In his book The Sabbath, Jewish author Abraham Joshua Heschel states that “Judaism is a religion of time aiming at the sanctification of time” (p. 8, italics in original) and points out that, after creating the earth, God chose to sanctify time — the seventh day or Sabbath — rather than space (e.g., this mountain, that valley, the sun, or moon). Heschel says, “Six days a week we wrestle with the world, wringing profit from the earth; on the Sabbath we especially care for the seed of eternity planted in the soul” (p. 13).

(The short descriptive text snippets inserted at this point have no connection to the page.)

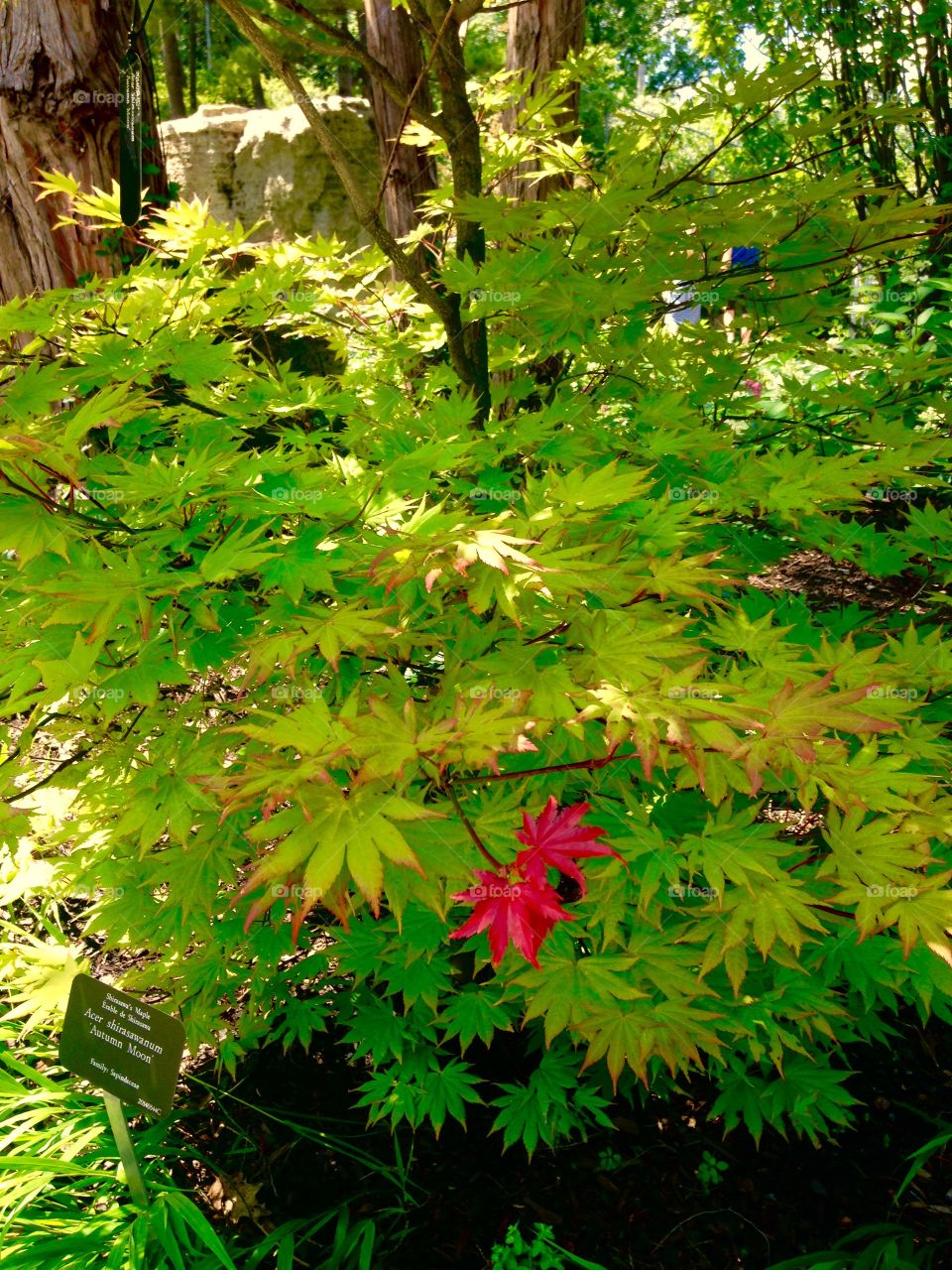 Red leaves on a green tree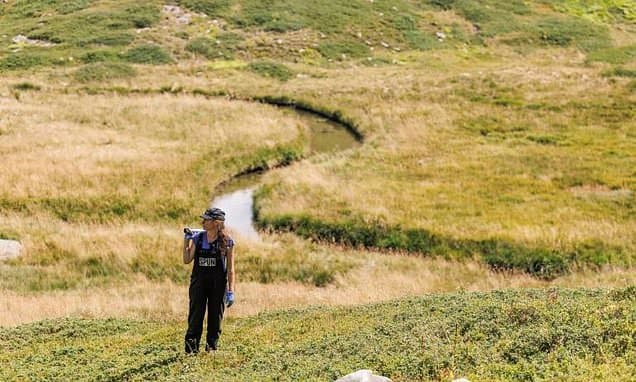 Fungi's Hidden World Wins Major Environmental Prize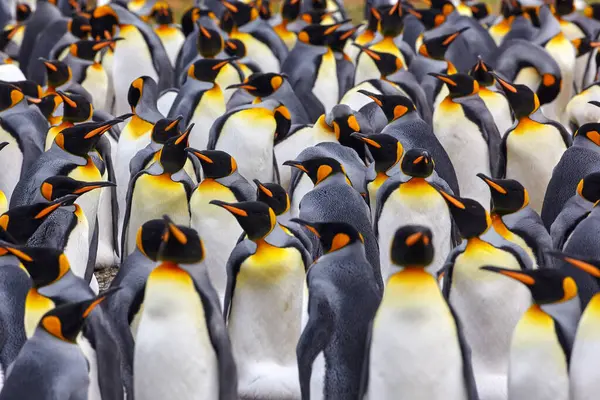Penguin Colony Many Birds Close Together King Penguin Volunteer Point — Stock Photo, Image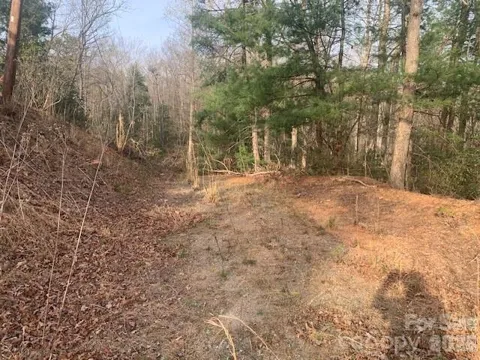 7.67 AC. HOLBERT COVE ROAD #7.67 AC.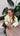 Blazer jaune LYSE - LYBRA COLLECTION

Heschel refers to the Sabbath as a “temple in time.” Observant Jewish families sanctify time in a number of ways by creating an “island of sacred time” in a sea of secularism. Their focus is not so much on what they cannot do but rather how they can make the Sabbath day sacred — or set apart from the other days. A way they do this is to make the Sabbath special by eating newly available foods (first fruits), special cuts of meat, special dishes, special table cloth, special clothing and so forth.
Jewish families have certain things they will not speak about on the Sabbath including money, business and other worldly concerns. They believe that avoiding discussion of earthly topics helps keep the Sabbath on a joyful spiritual level. When discussion of earthly, temporal, worldly things is avoided and heavenly, eternal and spiritual things are cultivated, it can bring a deep delight.
The Lord desires that we “call the sabbath a delight, the holy of the Lord” (Isaiah 58:13). He invites (commands) us to keep the Sabbath “with thanksgiving, with cheerful hearts and a countenances” (Doctrine and Covenants 59:15). The words “delight” and “cheerful” suggest to me that the Lord views Sabbath observance as a path toward spiritual joy and pleasure and that He desires for us to approach Sabbath observance with an attitude of delightful enjoyment. Latter-day Saint families can learn from our Jewish friends about how to make the Sabbath a delight by together choosing ways to make it special, joyous, spiritual and peaceful. Of course, each family will choose the ways they feel they can best make the Sabbath a delight.
— David C. Dollahite is a professor of Family Life at Brigham Young University.